Local Extrema

Students were tasked with finding the local extrema of the function: $$f(t)=3t^4−4t^3,$$ where $t \in \mathbb{R}$.

All of them correctly found the first derivative: $$ f'(t)=12t^3−12t^2, $$ and set it equal to zero to find the critical points, obtaining the equation: $$ 12t^3−12t^2=0. $$ From this point, each student proceeded slightly differently.

Adam rewrote the equation as: $$ 12t^3=12t^2. $$ By dividing both sides by $t^2$, he obtained the equation $12t =12$, which has a single solution $t =1$. He then concluded that the only extremum of the function $f $ is at this point.

Bob factored the equation $12t^3−12t^2=0$ as: $$ 12t^2(t −1)=0 $$ and identified two solutions: $t_1=1$ and $t_2=0$. Bob then concluded that the function $f$ has local extrema at both these points.
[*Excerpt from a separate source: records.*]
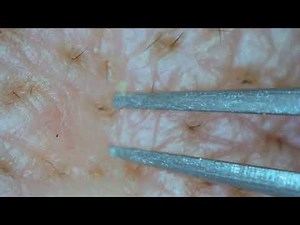 0257 keratin plug removal forehead
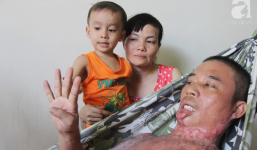 Bị điện giật cháy người không có tiền chạy chữa, bố xót xa nhìn con trai 4 tuổi không nhận ra mình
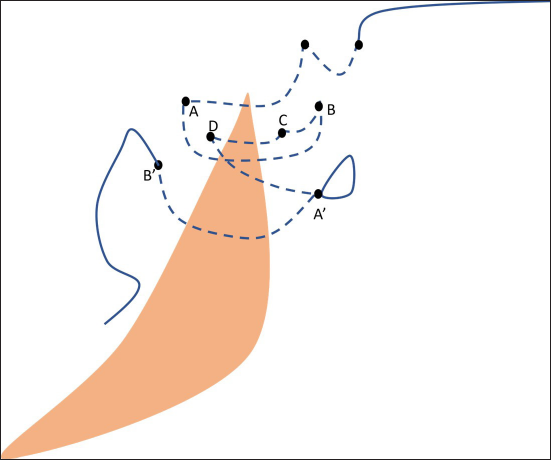 After passing through points A, B and C, the needle re-enters the skin through point D and exits the far contralateral edge (point A’) in a deeper plane, about 1 cm from the previous vertical mattress. It again exits at the far opposite end (point B’) and the same process is followed through the length of the wound.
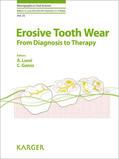 Lussi / Ganss |  Erosive Tooth Wear | eBook | Sack Fachmedien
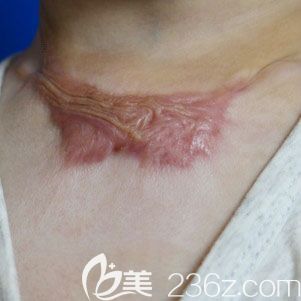 武汉正璞疤痕整复医疗美容去疤痕术前 武汉正璞疤痕整复医疗美容去疤痕术前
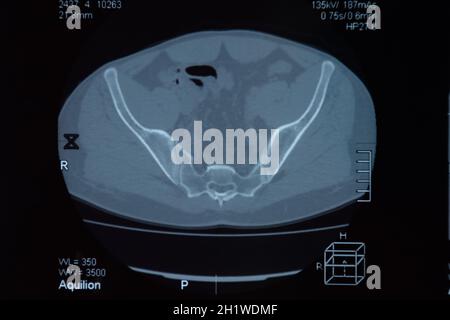 MRI sacroiliac articolazione. Studio della spondilite spondyloarthritis paziente. I risultati dello studio sui raggi x. Foto Stock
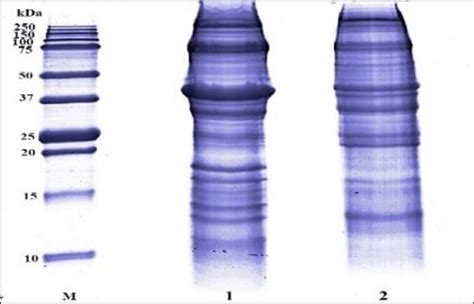 Comparison Of SDS PAGE Profiles Of Extract Of C Obtuse Lane 1 And P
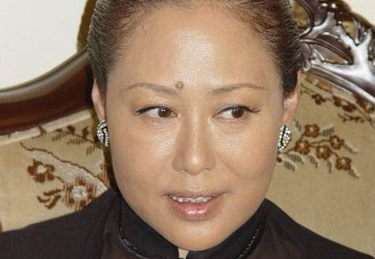 女人痣相大全，上停痣相解析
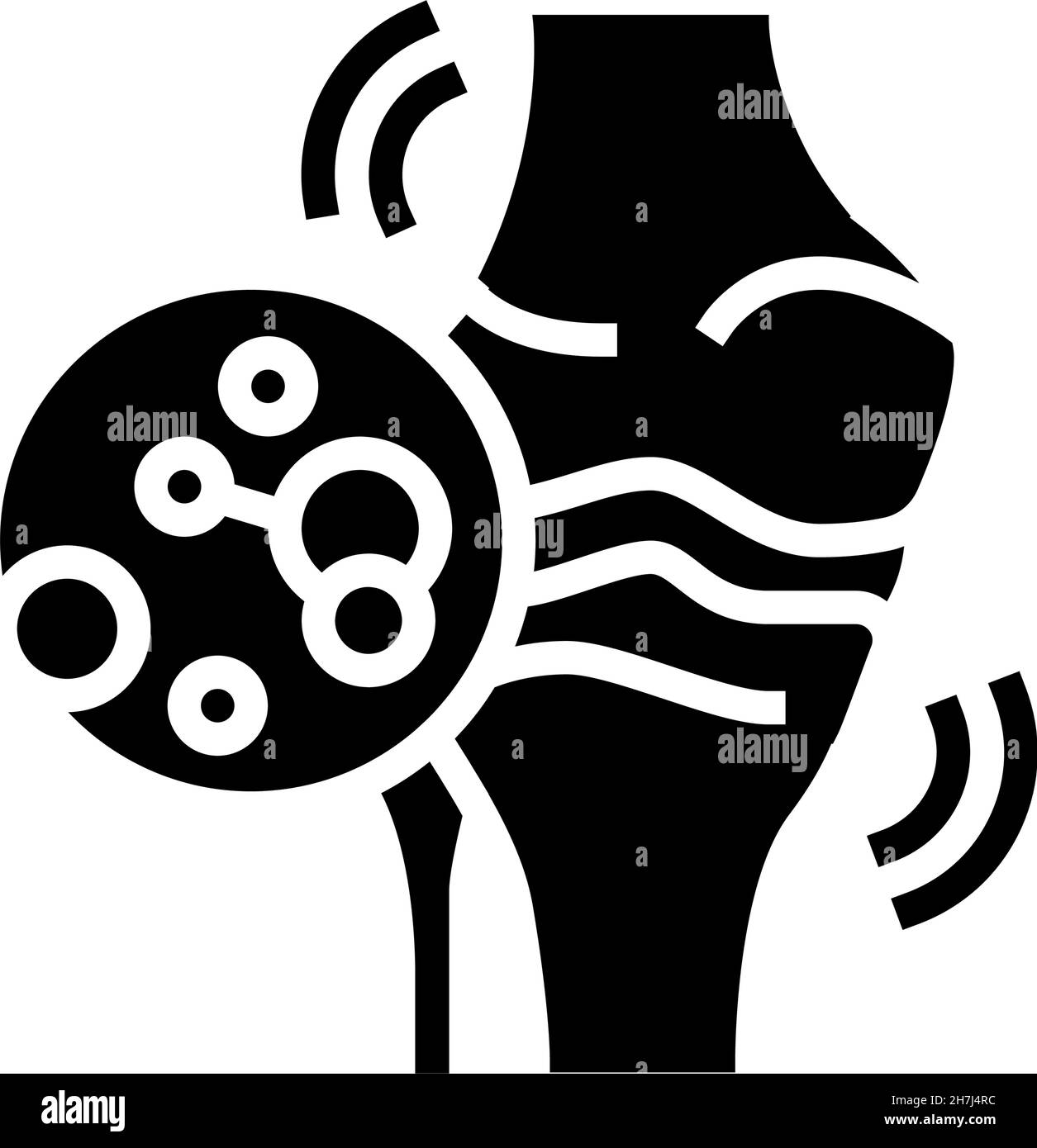 illustration d'un vecteur d'icône de glyphe d'arthrite idiopathique juvénile Illustration de Vecteur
David proceeded in a similar way to Bob, factoring the equation and obtaining two solutions, $t_1=1$ and $t_2=0$. To verify if these points are indeed extrema, he calculated the second derivative: $$ f''(t)=36t^2−24t $$ He substituted the critical points $t_1=1$ and $t_2=0$ into the second derivative: $$ f''(1)=36\cdot 1^2−24 \cdot 1=12>0 $$ which means that there is a local minimum at point $1$ and $$ f''(0)=36 \cdot 02−24 \cdot 0=0 $$

which means that there is no local extremum at point $0$.
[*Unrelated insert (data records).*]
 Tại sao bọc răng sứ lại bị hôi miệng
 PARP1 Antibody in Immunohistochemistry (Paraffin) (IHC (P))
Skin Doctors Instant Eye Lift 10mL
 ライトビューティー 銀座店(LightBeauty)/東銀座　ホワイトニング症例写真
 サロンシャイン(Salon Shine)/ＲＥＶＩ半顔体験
Ema also found the two critical points $t_1=1$ and $t_2=0$ by factoring. She reasoned as follows:

Around $t_1=1$ the sign of the first derivative changes indicating that $f $ has a local extremum at point $1$. More precisely, on the interval $(0,1)$, the first derivative of $f$ is negative, and on the interval $(1,+\infty)$, it is positive. Because $f$ is continuous at point $1$, it holds that $f$ is decreasing on $[ 0,1 ]$ and it is increasing on $[ 1,+\infty)$. This means there is a local minimum at point $1$.

On the other hand, around $t_2=0$ the sign of the first derivative does not change, so $f$ does not have a local extremum at point $0$.

Which students did not make any mistakes?